Hibata.id – Bunyi mesin ekskavator kembali meraung di Desa Balayo, Kabupaten Pohuwato. Aktivitas tambang emas tanpa izin (PETI) yang sempat meredup selama Ramadan, kini menggeliat lagi. Yang lebih mengejutkan, nama lama kembali disebut sebagai dalangnya: Ka Uwa, pengusaha tambang ilegal yang disebut-sebut kebal hukum.
Sementara aparat sibuk berpatroli dan mengumbar retorika penertiban, masyarakat mengeluh. Salah satunya, Aswad Lihawa, aktivis dari organisasi Pemuda Peduli Lingkungan Pohuwato, yang secara terbuka menyatakan kekecewaannya pada Kapolres Pohuwato, AKBP Busroni.
“Kapolres saya nilai takut menangkap pelaku tambang ilegal, khususnya Ka Uwa. Ada kabar penertiban waktu Lebaran, tapi nyatanya nihil tindakan,” kata Aswad kepada Hibata.id.
Menurutnya, Ka Uwa tak hanya dikenal sebagai aktor lapangan, tetapi bagian dari sistem yang lebih besar dan terorganisir.

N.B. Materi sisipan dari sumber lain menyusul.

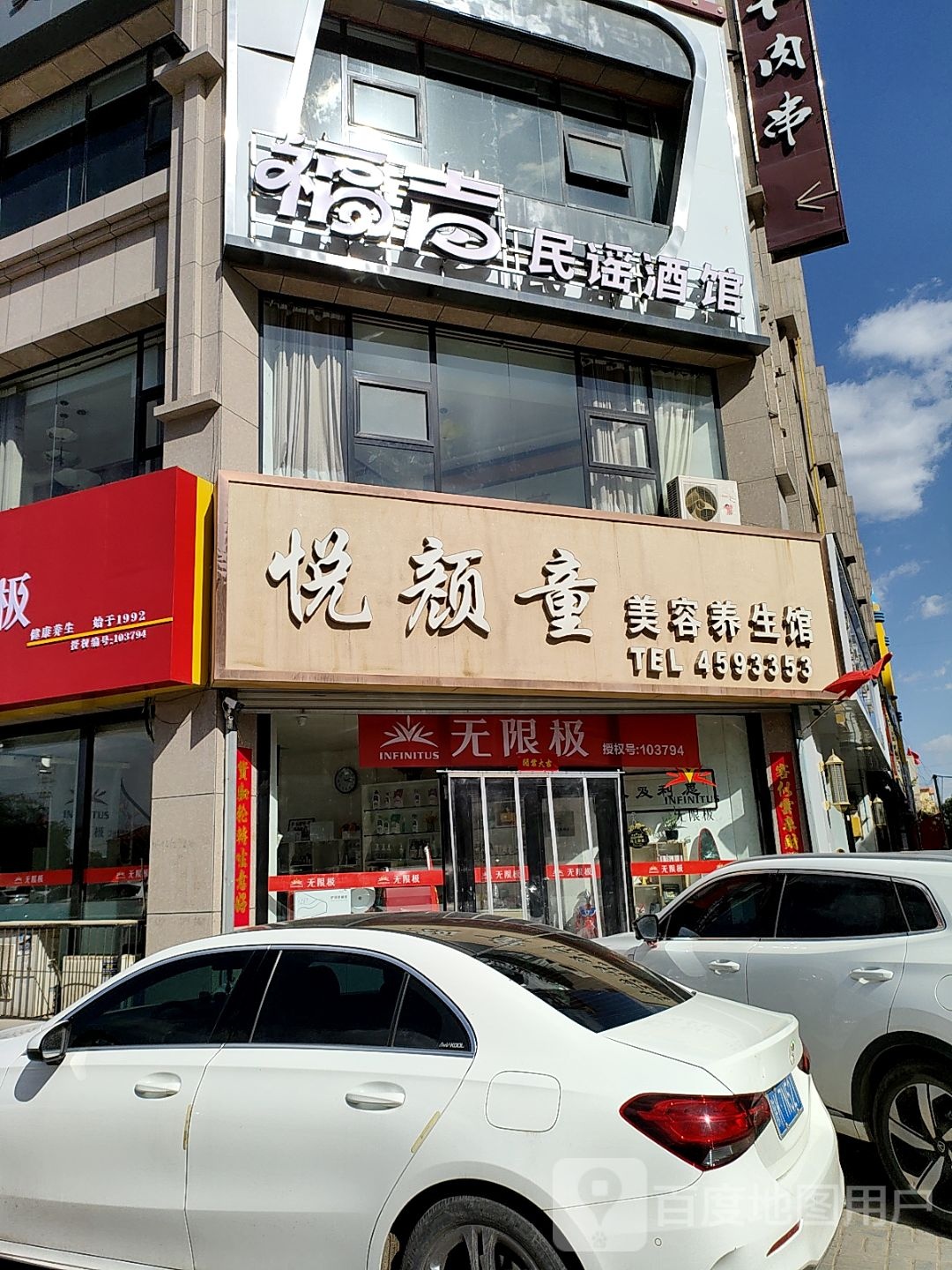 福声民谣酒馆(定边店)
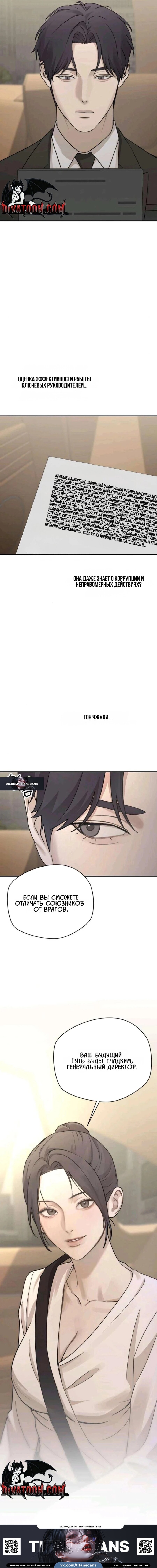 Манга Секретарь на двоих - Глава 20 Страница 9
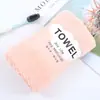 Fábrica de toallas de regalo para niños al por mayor alta densidad forro polar de coral toalla absorbente gruesa suave toalla facial se puede configurar en nombre de cabello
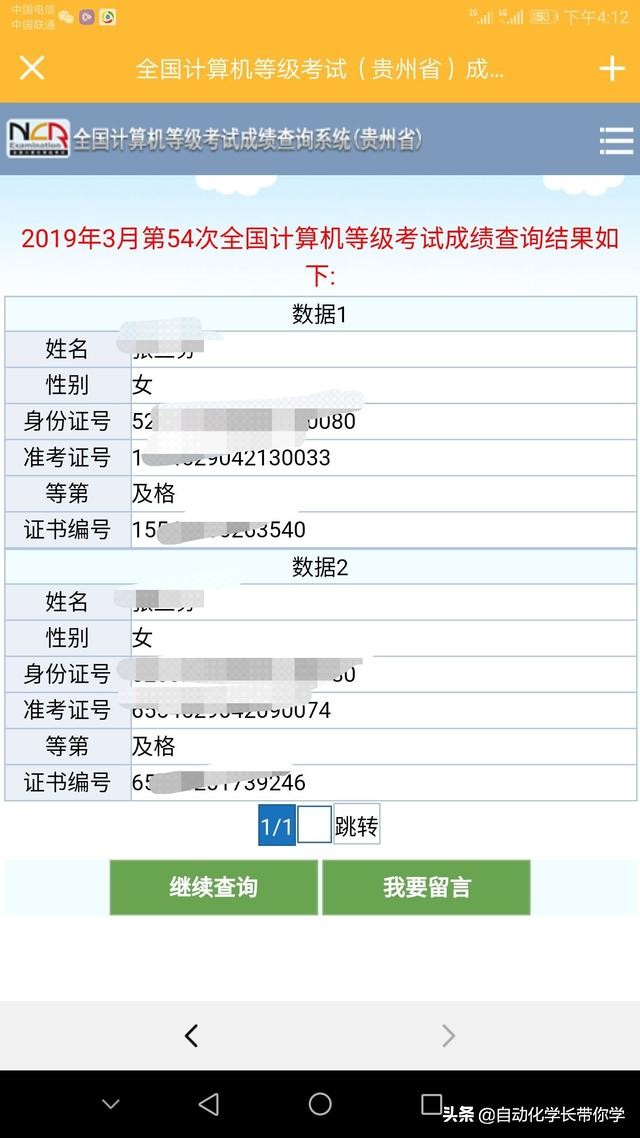 2021年9月计算机二级成绩查询时间,山西计算机二级成绩查询时间2021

Tambang ilegal ini bukan gerakan spontan masyarakat, tapi dikelola seperti perusahaan, lengkap dengan “uang atensi” bulanan untuk mengamankan operasi.
Bahkan dalam wawancara pada 22 Maret 2025, Ka Uwa sempat mengakui adanya aliran dana Rp30 juta per bulan yang diduga untuk keperluan “pengamanan”. Pernyataan itu, bagi Aswad, sudah cukup menjadi petunjuk awal untuk aparat memulai penyelidikan.
“Polisi jangan menunggu laporan masyarakat terus. Itu tanggung jawab institusional. Kalau tidak ditindak, bukan hanya lingkungan yang hancur, tapi kepercayaan rakyat juga runtuh,” tegasnya.
Aswad juga menambahkan bahwa ia pernah menyuarakan tentang keberadaan Ka Uwa, yang diduga terlibat aktif dalam pertambangan ilegal di Desa Balayo, yang menyebabkan kerusakan lingkungan yang sangat parah.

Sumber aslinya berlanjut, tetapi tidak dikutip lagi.